The little technique that is shown is more or less authentic, but is far from complete or representative of this style of combat. Manual del Baratero(1849) says more in 54 pages on this subject than Sevillian Steel says in 170.
There is no evidence whatsoever to support that this technique was used three hundred years ago. While navajas certainly existed in that time, no manuals on their use during the 17th century survive.

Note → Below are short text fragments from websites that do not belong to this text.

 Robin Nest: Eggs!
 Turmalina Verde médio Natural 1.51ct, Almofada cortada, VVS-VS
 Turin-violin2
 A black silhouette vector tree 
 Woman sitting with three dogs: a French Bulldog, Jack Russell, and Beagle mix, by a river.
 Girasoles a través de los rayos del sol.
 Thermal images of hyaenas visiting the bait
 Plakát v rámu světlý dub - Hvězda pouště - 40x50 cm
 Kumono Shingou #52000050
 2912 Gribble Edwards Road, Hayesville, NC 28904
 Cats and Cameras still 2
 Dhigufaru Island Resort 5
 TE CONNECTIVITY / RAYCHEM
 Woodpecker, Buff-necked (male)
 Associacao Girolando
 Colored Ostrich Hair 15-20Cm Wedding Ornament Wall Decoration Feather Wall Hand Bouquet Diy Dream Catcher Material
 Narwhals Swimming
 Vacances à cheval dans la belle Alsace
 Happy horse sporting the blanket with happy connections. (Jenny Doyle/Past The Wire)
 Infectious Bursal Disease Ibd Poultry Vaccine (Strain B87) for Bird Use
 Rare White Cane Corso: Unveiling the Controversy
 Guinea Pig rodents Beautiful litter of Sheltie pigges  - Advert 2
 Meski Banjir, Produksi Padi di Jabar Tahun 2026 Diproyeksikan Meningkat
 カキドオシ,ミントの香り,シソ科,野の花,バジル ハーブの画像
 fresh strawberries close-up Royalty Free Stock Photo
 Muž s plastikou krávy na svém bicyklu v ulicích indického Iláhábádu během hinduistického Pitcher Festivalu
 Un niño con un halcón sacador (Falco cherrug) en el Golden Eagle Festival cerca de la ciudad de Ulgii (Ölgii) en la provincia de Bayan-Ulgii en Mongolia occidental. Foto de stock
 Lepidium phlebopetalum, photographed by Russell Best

Which isn't to say they didn't know how to fight back then, just that since we have no documentation of how they fought with navajas back then, we can't comment on it or make claims of such a long lineage.
This book also doesn't teach the jiros or contrajiros which form the base of this style's offensive and defensive footwork.
George Silver's Paradoxes of Defense is brought up in one chapter, actualy about the gitano, or Gypsy, style of knife fighting, which is very odd considering that Silver didn't say anything about navajas or Gypsies, only had a few short paragraphs to say on knives in general, held all schools of rapier(including Spanish) in low regard(indeed, that's what he wrote Paradoxes of Defense about) and on top of that Silver was a 16th century Englishman.
The author has obviously read Manual del Baratero, so I can't understand why he would withhold so much relevant technique that is essential to understanding this art, unless he considers it "botta secreta".
In short, if you truly wish to learn Spanish knife fighting skills, you are better served by reading the original 19th century Manual del Baratero, which presents a more complete and sophisticated system, one that is wholey historicaly accurate being that it is itself a historical document, and it provides cultural insight on the society that developed these techniques.